February 10, 2017

Researchers in the lab of Rebecca Fry, PhD, associate professor of environmental sciences and engineering at the UNC Gillings School of Global Public Health, have explained an underlying biological mechanism by which exposure to cadmium may increase the risk of developing preeclampsia. This potentially life-threatening condition, which can occur during pregnancy, is associated with high blood pressure and high levels of protein in the urine.

Samira Brooks, PhD

Dr. Samira Brooks

Rebecca Fry

Dr. Rebecca Fry

The study, led by Fry, who is director of the UNC Superfund Research Program, and first author Samira Brooks, PhD, a postdoctoral fellow working in Fry’s lab, was published in a special December issue of the journal Food and Chemical Toxicology. The issue focused on the role played by microRNAs (miRNAs) – small non-coding RNA molecules that regulate gene expression and control some cellular functions – in toxicology and medicine.

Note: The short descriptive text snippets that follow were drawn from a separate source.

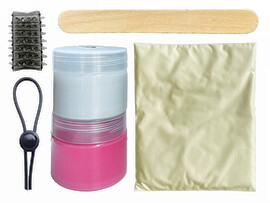 Hauptbild von Penis-Abdruckset „Cloneboy“ für DIY-Silikondildo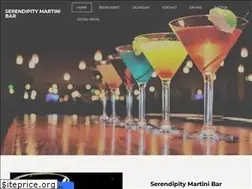 Sites similar to serendipitymartini.com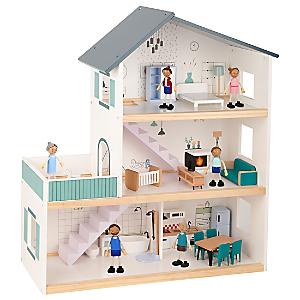 Dolls House Games 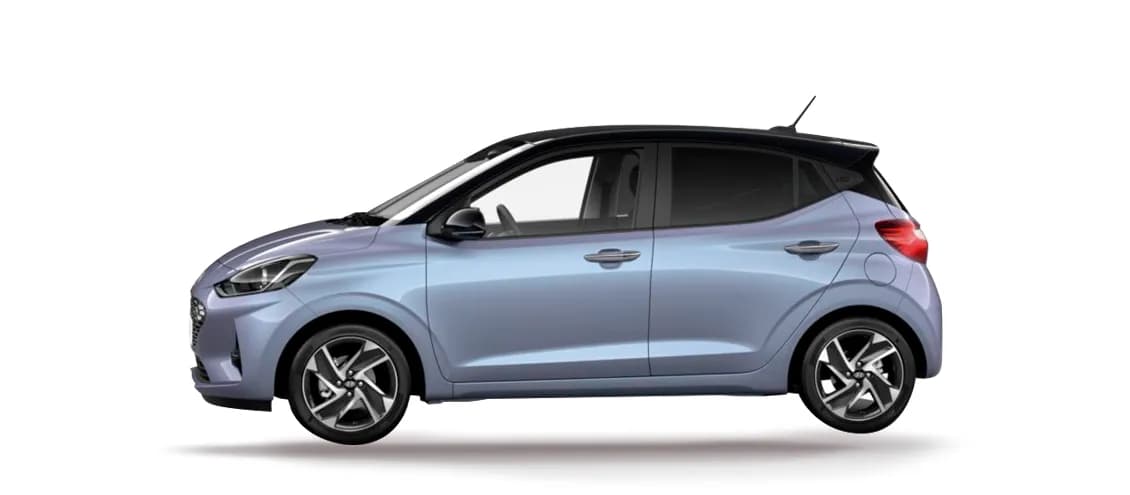 Alquiler HYUNDAI i10 (o SIMILAR) - Imagen 1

Using a highly translational approach, the researchers integrated analyses of human placental tissue with cell culture experiments to demonstrate that cadmium is correlated with the expression of miRNAs that target the transforming growth factor-beta (TGF-β) pathway. This pathway regulates blood vessel formation and is associated with preeclampsia. Currently, the only treatment option for women with preeclampsia is premature delivery of the placenta, which comes with increased risks for the child. While the cause of preeclampsia is unknown, it has been linked to impaired blood vessels in the placenta, a condition called poor placentation.

Previous research by Fry’s lab has established a significant association between elevated levels of placental cadmium and increased odds of developing preeclampsia (Laine et al., 2015). Other research led by Fry has shed light on potential epigenetic mechanisms in which DNA methylation alterations of the TGF-β pathway correlated with preeclampsia (Martin et al, 2015). The TGF-β pathway, highly involved in controlling vascularization and cell movement, is thought to contribute to the ability of placental cells to migrate and integrate with the mother’s vascular system.

In this study, the researchers wanted to further determine the role cadmium plays in the development of preeclampsia. They hypothesized a role for epigenetic changes, specifically involving dysregulation of miRNAs, which is also a feature of preeclampsia. The researchers compared placental tissue from preeclamptic cases and normotensive controls with varying levels of exposure to cadmium. They also conducted experiments treating placental trophoblast cells to varying concentrations of cadmium. Cadmium levels in both preeclamptic placentas and in placental trophoblast cells were associated with increased expression of genes within the TGF- β pathway, as well as altered expression of miRNAs that target the pathway.

“Only at the interface of clinical and in vitro studies will we begin to truly understand how the environment influences disease to become better equipped for treatment and prevention,” Brooks noted.

“Expectant mothers and women thinking of becoming pregnant need to be aware of potential sources of cadmium — including cigarette smoke, contaminated air from facilities that burn fossil fuels, some foods and even private well water — to better limit their exposure,” said Fry.

Researchers hope this study, and further investigations into the links between the environment, epigenetics and preeclampsia, will lead to development of treatment options for this serious condition.